Figure retrieval. For this task, we split it into two parts: first, we identify whether models can find the correct figure from a set of figures drawn from various patents (i.e., other objects); second, we identify whether models can find the right view of a given object among its other views, which are similar in embedding space.

Part 1 (across patents): query = front elevation of a beverage container
  [A] front elevation of a desk lamp        (other object)
  [B] perspective of a hinge bracket        (other object)
  [C] front elevation of a beverage container <- target

Part 2 (within object): query = "rear elevation" of object D1023456
  candidates = its own sibling views {perspective, front, top, rear*}
  target = rear   (* nearest neighbors in CLIP space, hardest distractors)

Intent elicitation. With this task, we ask whether drawing descriptions can be mapped to design intent. We give a structured schema and employ token overlap (F1) as our measure for accuracy. Here, we ask whether the model can produce coherent explanations of designs instead of only summarizing the description McCarthy et al., 2024. We use this task, in particular, to probe into how models reason.

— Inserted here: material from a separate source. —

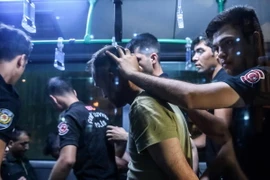 Cảnh sát chống bạo động Thổ Nhĩ Kỳ áp giải các binh sĩ bị bắt tới tòa án ở Istanbul ngày 16/7. (Nguồn: AFP/TTXVN)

Input (drawing description): "FIG. 1 is a perspective view of a folding
  chair; FIG. 2 is a side elevational view thereof; ..."
Output (filled schema):
  viewpoint_set  : [perspective, front, side, top]
  primary_view   : perspective
  component_vocab: [seat, backrest, legs, hinge]
  spatial_layout : "hinged seat and backrest over four folding legs"
  design_intent  : "a collapsible chair for compact storage"

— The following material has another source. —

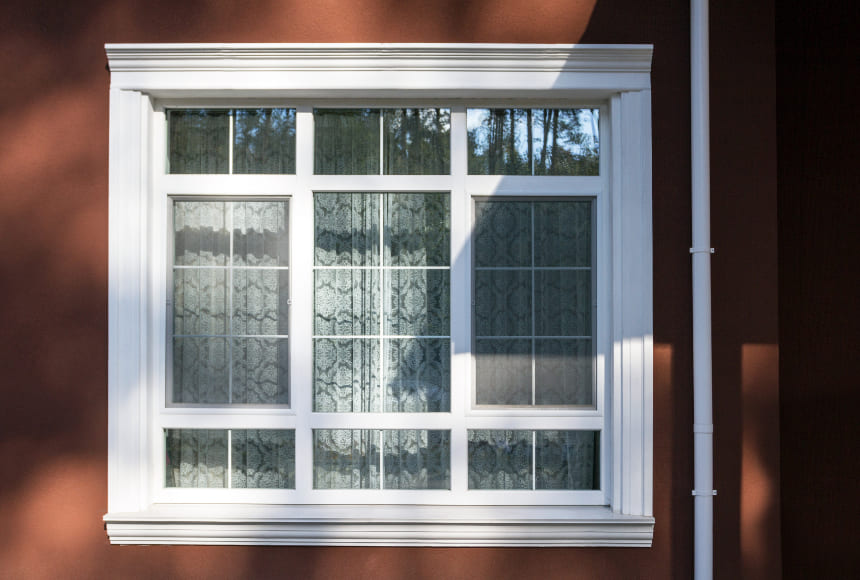 Sprossenfenster aus Kunststoff in rotem Haus mit Sprossen im Scheibenzwischenraum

Agent-to-agent communication. We view a model’s ability to express its work and outputs as a pre-cursor to collaborating and iterating in offline settings. For this task, two agents form a dyad and play a reference game adapted from the procedural-abstraction communication setup of McCarthy et al. (2021), in which agent A is given a patent figure and expresses its design in natural language to agent B, who must reconstruct it. We run this under two conditions, viewpoint-aware and viewpoint-agnostic.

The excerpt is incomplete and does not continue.